-- What this task involves --
Copy out the listing beneath, missing nothing.

-- Given records --
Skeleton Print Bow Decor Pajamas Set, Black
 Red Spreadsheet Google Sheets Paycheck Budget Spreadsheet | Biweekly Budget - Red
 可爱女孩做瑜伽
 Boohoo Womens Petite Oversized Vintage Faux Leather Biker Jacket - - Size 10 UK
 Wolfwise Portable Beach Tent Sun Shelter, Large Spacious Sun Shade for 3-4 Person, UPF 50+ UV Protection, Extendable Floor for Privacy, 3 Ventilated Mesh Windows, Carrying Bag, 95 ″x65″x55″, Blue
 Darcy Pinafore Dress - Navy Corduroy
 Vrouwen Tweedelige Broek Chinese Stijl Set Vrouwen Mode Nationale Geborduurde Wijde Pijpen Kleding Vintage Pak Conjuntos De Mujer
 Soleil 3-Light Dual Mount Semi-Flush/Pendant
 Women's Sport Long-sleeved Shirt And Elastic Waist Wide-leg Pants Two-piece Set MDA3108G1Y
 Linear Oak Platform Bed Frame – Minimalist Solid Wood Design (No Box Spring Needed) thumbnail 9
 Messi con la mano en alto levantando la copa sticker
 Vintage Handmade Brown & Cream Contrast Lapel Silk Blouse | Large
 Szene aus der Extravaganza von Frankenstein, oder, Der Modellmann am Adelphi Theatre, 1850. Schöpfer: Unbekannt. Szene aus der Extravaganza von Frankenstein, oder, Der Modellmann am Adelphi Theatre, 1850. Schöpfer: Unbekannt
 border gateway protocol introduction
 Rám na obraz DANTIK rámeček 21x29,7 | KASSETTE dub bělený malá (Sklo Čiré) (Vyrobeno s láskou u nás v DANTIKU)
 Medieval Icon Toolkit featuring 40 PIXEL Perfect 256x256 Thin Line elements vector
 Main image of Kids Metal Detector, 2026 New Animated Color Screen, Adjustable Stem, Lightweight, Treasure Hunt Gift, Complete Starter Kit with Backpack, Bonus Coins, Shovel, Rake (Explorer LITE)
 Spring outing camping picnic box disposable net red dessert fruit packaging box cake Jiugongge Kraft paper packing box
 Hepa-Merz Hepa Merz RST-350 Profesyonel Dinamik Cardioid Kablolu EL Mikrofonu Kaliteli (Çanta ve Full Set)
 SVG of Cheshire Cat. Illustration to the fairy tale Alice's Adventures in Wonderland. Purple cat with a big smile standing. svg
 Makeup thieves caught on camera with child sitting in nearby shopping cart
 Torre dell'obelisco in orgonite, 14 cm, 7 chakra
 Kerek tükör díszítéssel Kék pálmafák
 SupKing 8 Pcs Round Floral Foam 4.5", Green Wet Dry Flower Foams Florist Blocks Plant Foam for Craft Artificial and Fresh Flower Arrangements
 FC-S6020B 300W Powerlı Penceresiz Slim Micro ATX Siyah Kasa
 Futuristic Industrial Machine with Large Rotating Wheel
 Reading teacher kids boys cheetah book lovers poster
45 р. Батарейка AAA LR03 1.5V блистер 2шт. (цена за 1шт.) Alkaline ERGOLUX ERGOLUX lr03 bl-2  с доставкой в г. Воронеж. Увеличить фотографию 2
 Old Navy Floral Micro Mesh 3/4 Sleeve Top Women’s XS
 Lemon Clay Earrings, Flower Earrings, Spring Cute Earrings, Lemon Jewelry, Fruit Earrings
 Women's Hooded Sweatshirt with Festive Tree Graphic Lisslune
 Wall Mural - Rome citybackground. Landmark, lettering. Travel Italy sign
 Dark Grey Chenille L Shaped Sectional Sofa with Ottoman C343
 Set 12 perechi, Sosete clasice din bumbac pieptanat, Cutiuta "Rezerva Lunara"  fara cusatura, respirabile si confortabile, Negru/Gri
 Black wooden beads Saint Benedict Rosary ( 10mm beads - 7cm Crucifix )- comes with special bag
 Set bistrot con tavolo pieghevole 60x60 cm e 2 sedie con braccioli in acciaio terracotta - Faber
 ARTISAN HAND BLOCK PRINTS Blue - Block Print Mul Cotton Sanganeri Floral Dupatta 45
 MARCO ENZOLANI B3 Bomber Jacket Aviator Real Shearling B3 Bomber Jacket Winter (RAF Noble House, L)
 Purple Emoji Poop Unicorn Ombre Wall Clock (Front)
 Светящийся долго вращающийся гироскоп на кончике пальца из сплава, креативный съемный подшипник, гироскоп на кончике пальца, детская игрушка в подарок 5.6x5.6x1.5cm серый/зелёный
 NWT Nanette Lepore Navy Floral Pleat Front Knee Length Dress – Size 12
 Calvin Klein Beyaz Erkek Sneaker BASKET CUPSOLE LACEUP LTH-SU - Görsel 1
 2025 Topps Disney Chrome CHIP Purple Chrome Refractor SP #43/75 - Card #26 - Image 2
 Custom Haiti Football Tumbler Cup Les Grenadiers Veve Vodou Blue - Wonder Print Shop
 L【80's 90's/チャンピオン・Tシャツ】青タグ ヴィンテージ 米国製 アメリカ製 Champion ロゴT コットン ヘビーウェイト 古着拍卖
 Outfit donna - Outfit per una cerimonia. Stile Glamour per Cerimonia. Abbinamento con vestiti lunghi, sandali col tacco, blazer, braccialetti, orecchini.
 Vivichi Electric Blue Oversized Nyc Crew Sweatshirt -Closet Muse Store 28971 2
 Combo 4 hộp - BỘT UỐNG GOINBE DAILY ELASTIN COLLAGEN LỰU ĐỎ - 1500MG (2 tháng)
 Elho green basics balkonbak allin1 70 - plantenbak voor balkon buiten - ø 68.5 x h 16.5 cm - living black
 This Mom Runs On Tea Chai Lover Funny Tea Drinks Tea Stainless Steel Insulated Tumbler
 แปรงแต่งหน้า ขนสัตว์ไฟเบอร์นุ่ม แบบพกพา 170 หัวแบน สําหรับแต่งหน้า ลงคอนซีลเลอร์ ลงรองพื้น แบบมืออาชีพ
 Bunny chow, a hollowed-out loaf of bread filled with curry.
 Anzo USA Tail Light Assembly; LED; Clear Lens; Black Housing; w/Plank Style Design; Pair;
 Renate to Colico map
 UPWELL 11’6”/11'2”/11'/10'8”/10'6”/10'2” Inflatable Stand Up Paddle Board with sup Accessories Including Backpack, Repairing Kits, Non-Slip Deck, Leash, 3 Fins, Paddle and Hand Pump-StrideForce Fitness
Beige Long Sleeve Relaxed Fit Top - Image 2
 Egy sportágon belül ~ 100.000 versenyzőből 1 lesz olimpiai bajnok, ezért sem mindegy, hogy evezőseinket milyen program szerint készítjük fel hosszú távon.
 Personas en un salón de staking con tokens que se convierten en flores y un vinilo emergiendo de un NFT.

-- Solution for this task --
Skeleton Print Bow Decor Pajamas Set, Black
 Red Spreadsheet Google Sheets Paycheck Budget Spreadsheet | Biweekly Budget - Red
 可爱女孩做瑜伽
 Boohoo Womens Petite Oversized Vintage Faux Leather Biker Jacket - - Size 10 UK
 Wolfwise Portable Beach Tent Sun Shelter, Large Spacious Sun Shade for 3-4 Person, UPF 50+ UV Protection, Extendable Floor for Privacy, 3 Ventilated Mesh Windows, Carrying Bag, 95 ″x65″x55″, Blue
 Darcy Pinafore Dress - Navy Corduroy
 Vrouwen Tweedelige Broek Chinese Stijl Set Vrouwen Mode Nationale Geborduurde Wijde Pijpen Kleding Vintage Pak Conjuntos De Mujer
 Soleil 3-Light Dual Mount Semi-Flush/Pendant
 Women's Sport Long-sleeved Shirt And Elastic Waist Wide-leg Pants Two-piece Set MDA3108G1Y
 Linear Oak Platform Bed Frame – Minimalist Solid Wood Design (No Box Spring Needed) thumbnail 9
 Messi con la mano en alto levantando la copa sticker
 Vintage Handmade Brown & Cream Contrast Lapel Silk Blouse | Large
 Szene aus der Extravaganza von Frankenstein, oder, Der Modellmann am Adelphi Theatre, 1850. Schöpfer: Unbekannt. Szene aus der Extravaganza von Frankenstein, oder, Der Modellmann am Adelphi Theatre, 1850. Schöpfer: Unbekannt
 border gateway protocol introduction
 Rám na obraz DANTIK rámeček 21x29,7 | KASSETTE dub bělený malá (Sklo Čiré) (Vyrobeno s láskou u nás v DANTIKU)
 Medieval Icon Toolkit featuring 40 PIXEL Perfect 256x256 Thin Line elements vector
 Main image of Kids Metal Detector, 2026 New Animated Color Screen, Adjustable Stem, Lightweight, Treasure Hunt Gift, Complete Starter Kit with Backpack, Bonus Coins, Shovel, Rake (Explorer LITE)
 Spring outing camping picnic box disposable net red dessert fruit packaging box cake Jiugongge Kraft paper packing box
 Hepa-Merz Hepa Merz RST-350 Profesyonel Dinamik Cardioid Kablolu EL Mikrofonu Kaliteli (Çanta ve Full Set)
 SVG of Cheshire Cat. Illustration to the fairy tale Alice's Adventures in Wonderland. Purple cat with a big smile standing. svg
 Makeup thieves caught on camera with child sitting in nearby shopping cart
 Torre dell'obelisco in orgonite, 14 cm, 7 chakra
 Kerek tükör díszítéssel Kék pálmafák
 SupKing 8 Pcs Round Floral Foam 4.5", Green Wet Dry Flower Foams Florist Blocks Plant Foam for Craft Artificial and Fresh Flower Arrangements
 FC-S6020B 300W Powerlı Penceresiz Slim Micro ATX Siyah Kasa
 Futuristic Industrial Machine with Large Rotating Wheel
 Reading teacher kids boys cheetah book lovers poster
45 р. Батарейка AAA LR03 1.5V блистер 2шт. (цена за 1шт.) Alkaline ERGOLUX ERGOLUX lr03 bl-2  с доставкой в г. Воронеж. Увеличить фотографию 2
 Old Navy Floral Micro Mesh 3/4 Sleeve Top Women’s XS
 Lemon Clay Earrings, Flower Earrings, Spring Cute Earrings, Lemon Jewelry, Fruit Earrings
 Women's Hooded Sweatshirt with Festive Tree Graphic Lisslune
 Wall Mural - Rome citybackground. Landmark, lettering. Travel Italy sign
 Dark Grey Chenille L Shaped Sectional Sofa with Ottoman C343
 Set 12 perechi, Sosete clasice din bumbac pieptanat, Cutiuta "Rezerva Lunara"  fara cusatura, respirabile si confortabile, Negru/Gri
 Black wooden beads Saint Benedict Rosary ( 10mm beads - 7cm Crucifix )- comes with special bag
 Set bistrot con tavolo pieghevole 60x60 cm e 2 sedie con braccioli in acciaio terracotta - Faber
 ARTISAN HAND BLOCK PRINTS Blue - Block Print Mul Cotton Sanganeri Floral Dupatta 45
 MARCO ENZOLANI B3 Bomber Jacket Aviator Real Shearling B3 Bomber Jacket Winter (RAF Noble House, L)
 Purple Emoji Poop Unicorn Ombre Wall Clock (Front)
 Светящийся долго вращающийся гироскоп на кончике пальца из сплава, креативный съемный подшипник, гироскоп на кончике пальца, детская игрушка в подарок 5.6x5.6x1.5cm серый/зелёный
 NWT Nanette Lepore Navy Floral Pleat Front Knee Length Dress – Size 12
 Calvin Klein Beyaz Erkek Sneaker BASKET CUPSOLE LACEUP LTH-SU - Görsel 1
 2025 Topps Disney Chrome CHIP Purple Chrome Refractor SP #43/75 - Card #26 - Image 2
 Custom Haiti Football Tumbler Cup Les Grenadiers Veve Vodou Blue - Wonder Print Shop
 L【80's 90's/チャンピオン・Tシャツ】青タグ ヴィンテージ 米国製 アメリカ製 Champion ロゴT コットン ヘビーウェイト 古着拍卖
 Outfit donna - Outfit per una cerimonia. Stile Glamour per Cerimonia. Abbinamento con vestiti lunghi, sandali col tacco, blazer, braccialetti, orecchini.
 Vivichi Electric Blue Oversized Nyc Crew Sweatshirt -Closet Muse Store 28971 2
 Combo 4 hộp - BỘT UỐNG GOINBE DAILY ELASTIN COLLAGEN LỰU ĐỎ - 1500MG (2 tháng)
 Elho green basics balkonbak allin1 70 - plantenbak voor balkon buiten - ø 68.5 x h 16.5 cm - living black
 This Mom Runs On Tea Chai Lover Funny Tea Drinks Tea Stainless Steel Insulated Tumbler
 แปรงแต่งหน้า ขนสัตว์ไฟเบอร์นุ่ม แบบพกพา 170 หัวแบน สําหรับแต่งหน้า ลงคอนซีลเลอร์ ลงรองพื้น แบบมืออาชีพ
 Bunny chow, a hollowed-out loaf of bread filled with curry.
 Anzo USA Tail Light Assembly; LED; Clear Lens; Black Housing; w/Plank Style Design; Pair;
 Renate to Colico map
 UPWELL 11’6”/11'2”/11'/10'8”/10'6”/10'2” Inflatable Stand Up Paddle Board with sup Accessories Including Backpack, Repairing Kits, Non-Slip Deck, Leash, 3 Fins, Paddle and Hand Pump-StrideForce Fitness
Beige Long Sleeve Relaxed Fit Top - Image 2
 Egy sportágon belül ~ 100.000 versenyzőből 1 lesz olimpiai bajnok, ezért sem mindegy, hogy evezőseinket milyen program szerint készítjük fel hosszú távon.
 Personas en un salón de staking con tokens que se convierten en flores y un vinilo emergiendo de un NFT.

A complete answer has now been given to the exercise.